Philon cherche peut-être également à répondre dans ces lignes au questionnement du moyen-platonisme, dont nous avons rappelé la réflexion sur l’ « assimilation à Dieu », et dont il est proche lorsqu’il affirme, par exemple, que « la perfection de la vie bienheureuse, c’est la ressemblance avec Dieu » 366 (QG V, 147), ou même qu’il insiste sur les efforts du sage en ce sens : « c’est donc à bon droit que le sage, pensant que la perfection est dans la ressemblance avec Dieu, se hâte, autant que possible, de réunir le créé à l’incréé et le mortel à l’immortel, pour que la joie tirée de la ressemblance ne vienne pas à manquer » (QG VI, 188). La vertu de piété, dans le De Abrahamo comme dans les quaestiones, est une condition nécessaire, mais pas suffisante, pour atteindre le souverain bien. La présence de Dieu lui-même dans l’âme, tout comme les actions vertueuses qui permettent de suivre Dieu, ne peuvent qu’être reçues de Dieu : Abraham, si parfait soit-il, doit prier Dieu qu’il se rende présent. S’il peut être rendu semblable à Dieu, en étant admis à demeurer en sa présence, ce n’est pas de lui-même, mais par une grâce divine. Il n’y a par conséquent pas d’antagonisme de ce point de vue entre Philon et cet aspect du moyen-platonisme, mais une illustration de la manière dont la fin peut effectivement être réalisée.

Ainsi, en quelques mots, Philon reprend pour une part, mais reconfigure également en profondeur, le problème philosophique du souverain bien tel qu’il se trouve posé par les traditions dont il paraît le plus proche, le stoïcisme comme le moyen-platonisme.
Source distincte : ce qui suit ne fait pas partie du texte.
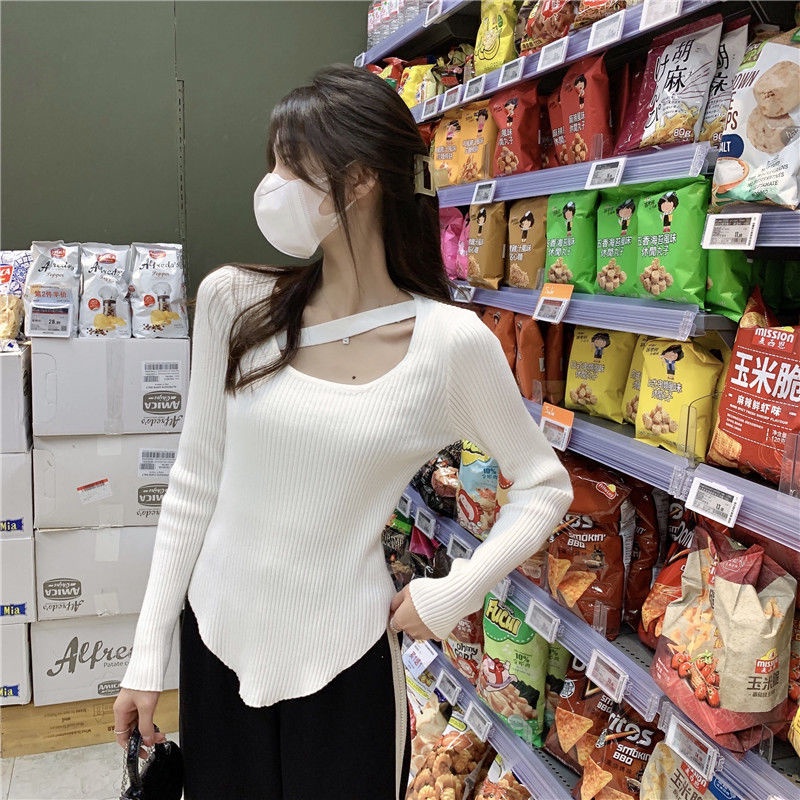 Áo Dệt Kim Dài Tay 1759102Áo Sweater Mỏng Vừa Vặn Lộ Xương Quai Xanh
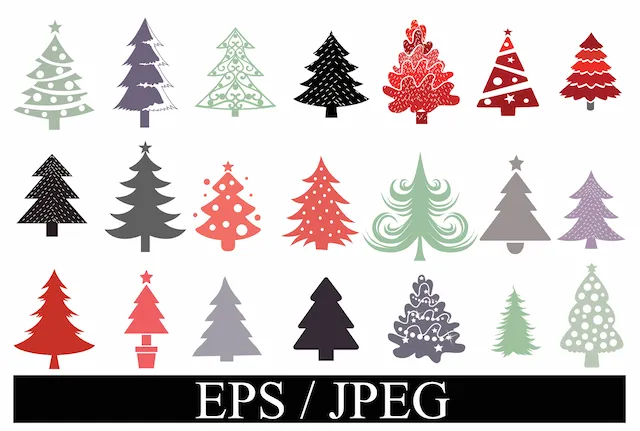 Collection Of Decorative Christmas Tree Silhouettes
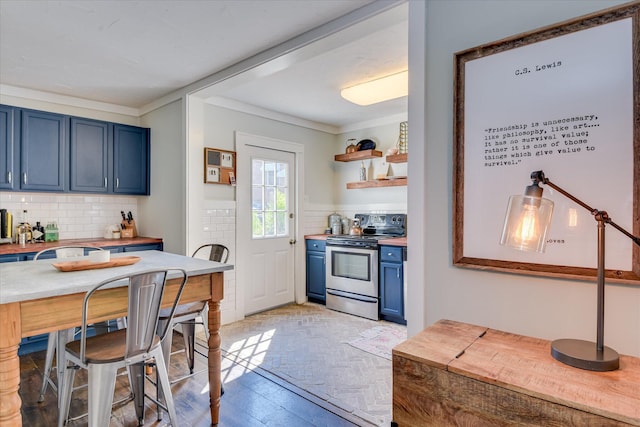 1703 Marion Ave, North Augusta, SC 29841 - kitchen with stainless steel electric stove, blue cabinets, light wood-type flooring, backsplash, and crown molding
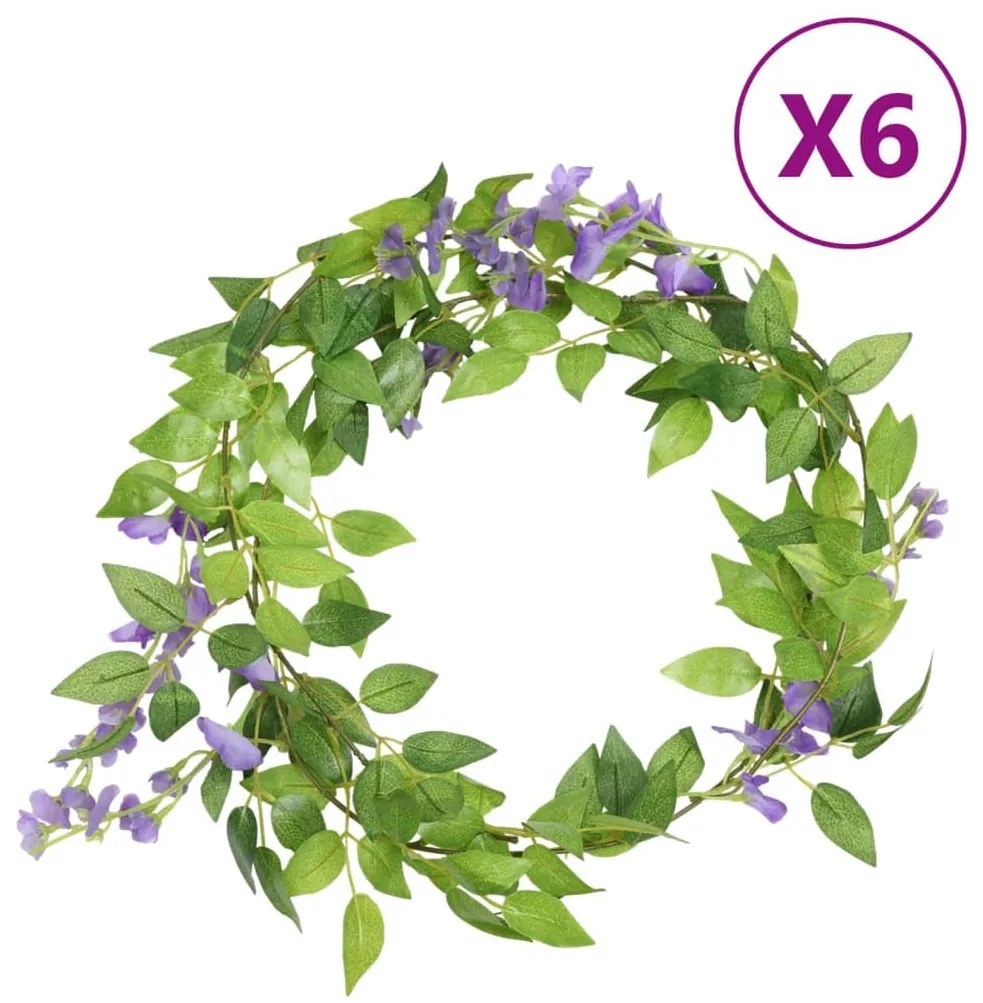 vidaXL Grinaldas de flores 6 pcs 200 cm roxo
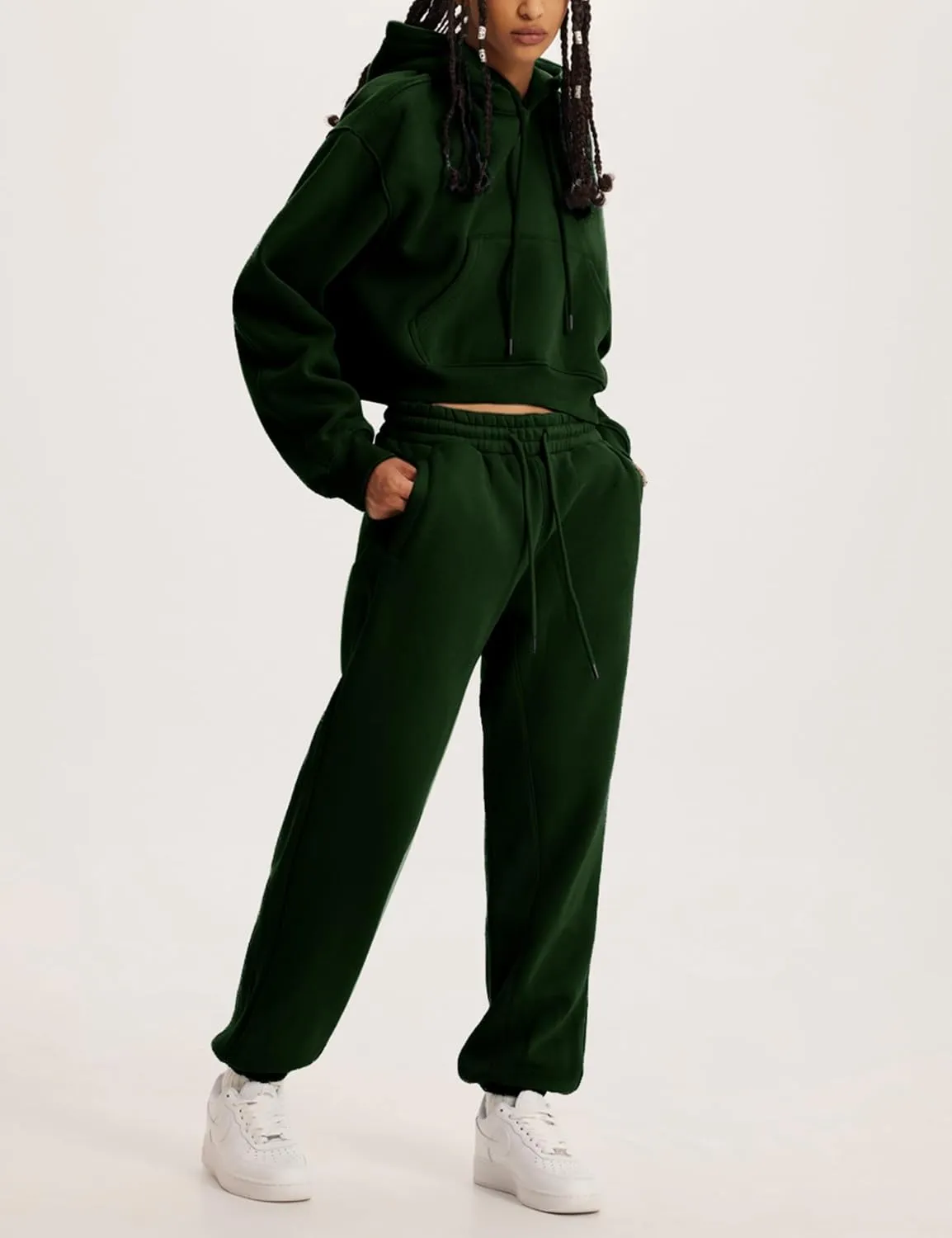 Womens Fleece 2 Piece Outfits Sweatsuit Crop Hooded Pullover Sweatshirt Top Jogger Sweatpants Tracksuits Set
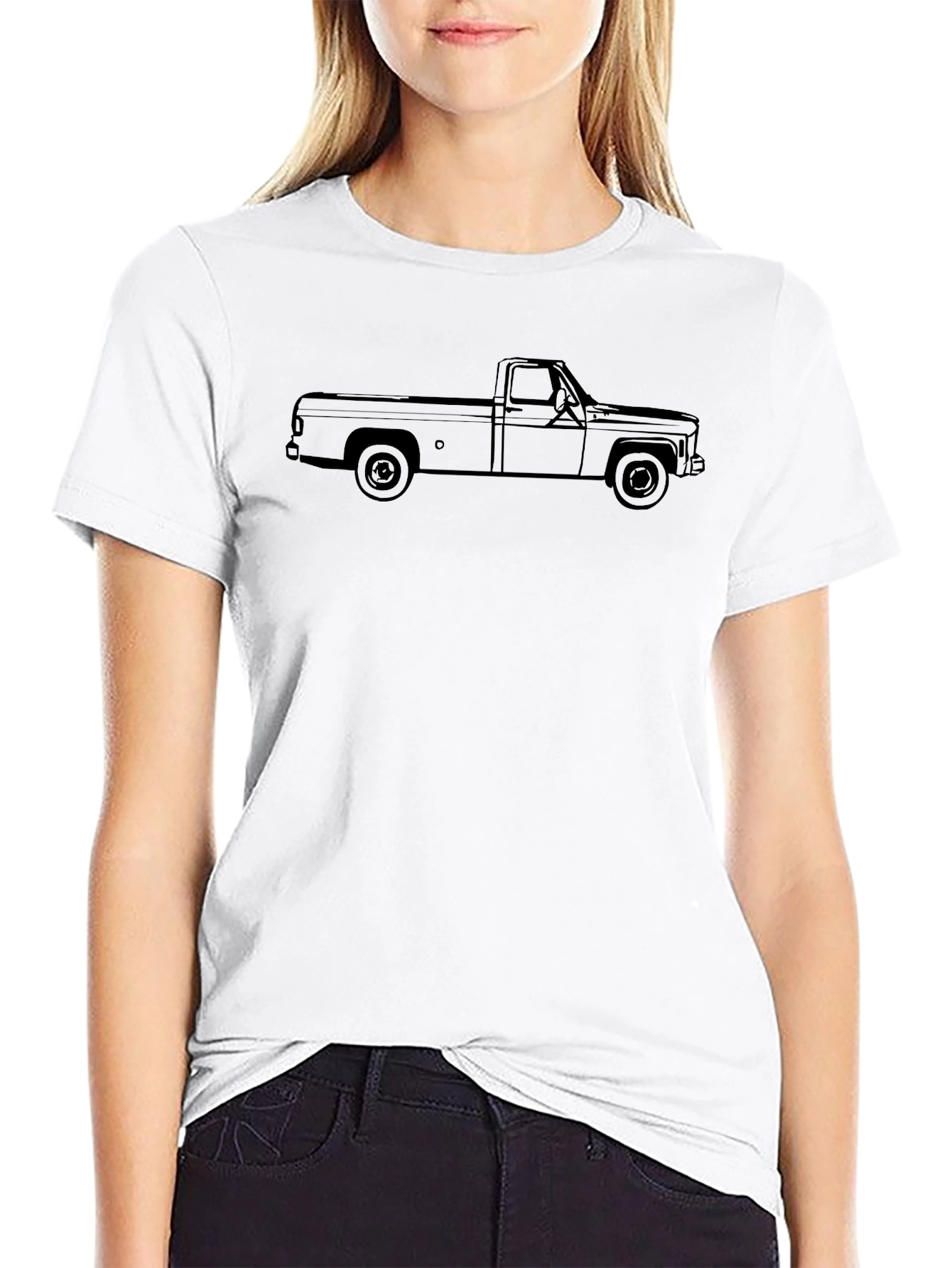 Black Vintage Truck Graphic Tee - Black view 9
C’est vraisemblablement le caractère difficile ou nouveau de ce propos qui le conduit à mobiliser les deux exemples de Caïn et Moïse.

Notes
358.

La proposition conditionnelle « si j’ai trouvé grâce devant toi » semble éludée par Philon. Peut-être néanmoins l’évoque-t-il de façon implicite en soulignant la grandeur de la demande : qu’Abraham mette une telle condition à sa demande prouve qu’il est conscient de l’importance de la grâce qu’il sollicite.

359.

Aucher : « terminus » ; Marcus : « limit ».

360.

Op. cit., n. g, p. 275.

361.

Cicéron, De finibus bonorum et malorum, CUF (1928), p. iii-v. Diogène Laërce cite Posidonius, Hécaton et Chrysippe comme auteurs de tels traités Περὶ τέλων (Vies des philosophes VII, 87-88).

362.

Diogène Laërce, ibid., VII, 97.

363.

Cicéron, De finibus bonorum et malorum III, 31, cité d’après Les philosophes hellénistiques, II, p. 501.

364.

Cicéron, Tusculanes, V, 82, cité d’après Les philosophes hellénistiques, II, p. 495.

365.

Diogène Laërce, op. cit., VII, 88, cité d’après Les philosophes hellénistiques, II, p. 90.

366.

Marcus propose de restituer ici le texte grec τὸ τέλος ἐστὶν εὐδαίμονος ζωῆς ἡ πρὸς θεὸν ὁμοιότης : quoi qu’il en soit, nous retrouvons ici associés l’idée de fin et de bonheur, mais dans une perspective plus proche.